A UCLA press release says: A first-of-its-kind database that will make it easy to compare and contrast the campaign finance disclosure statutes and regulations of all 50 states, the District of Columbia and the federal government was released by the UCLA School of Law as part of the Campaign Disclosure Project.

The database was designed to be useful to legislators, public interest groups, media representatives, scholars and the public. It is divided into 25 categories that reflect the most important campaign finance practices, such as filing deadlines, contributor information, loans to campaigns, electronic filing, enforcement rules and independent expenditures. The database is further divided into 105 subcategories and can be used to answer questions on topics such as whether the occupation of a contributor must be reported, or whether the state requires the disclosure of late independent expenditures.

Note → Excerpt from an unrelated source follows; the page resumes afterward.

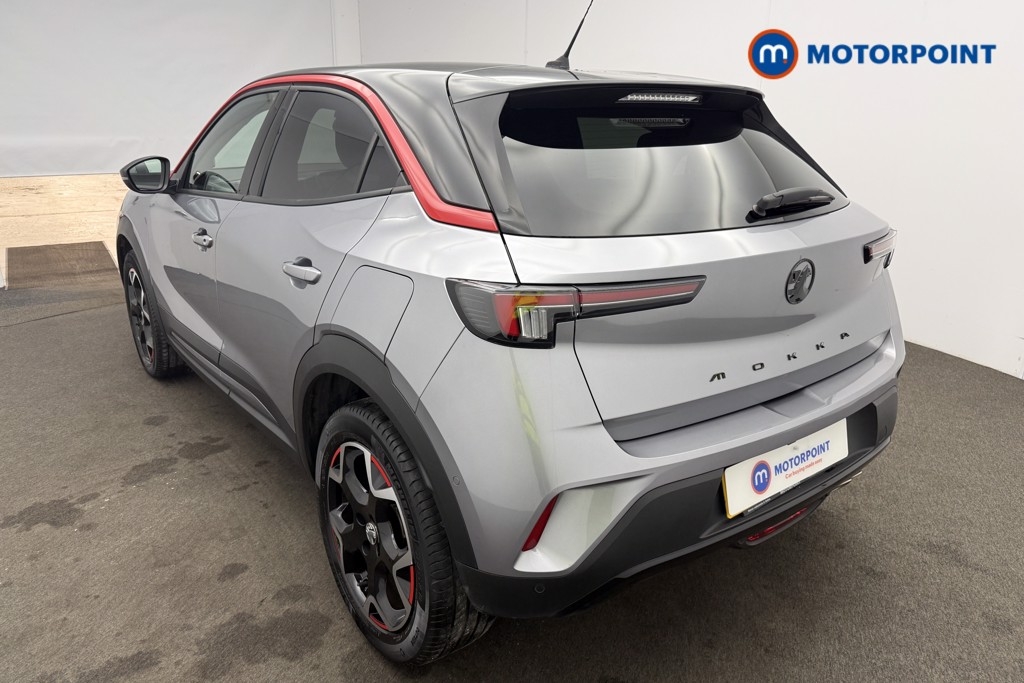 Used Vauxhall Mokka 2022 for sale - 77106720: Photo 13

"Many of the existing state disclosure laws originally were written in the 1970s during the post-Watergate crisis," said Daniel Lowenstein, professor of law at UCLA and a national authority on election law. "Since then, some states have done an excellent job of amending their laws to reflect the public's desire to know more about who is financing elections. Other states have been less active in this regard. The database will allow people who care about these issues to compare the laws of their own state with states that are doing a better or worse job." ...

The Campaign Disclosure Law Database is available on the Web at disclosure.law.ucla.edu/. -- UCLA News

Comments

Thanks for the post, Ed! I will update with corrections every month, so don't feel shy about letting me know when you spot an error or omission in the database.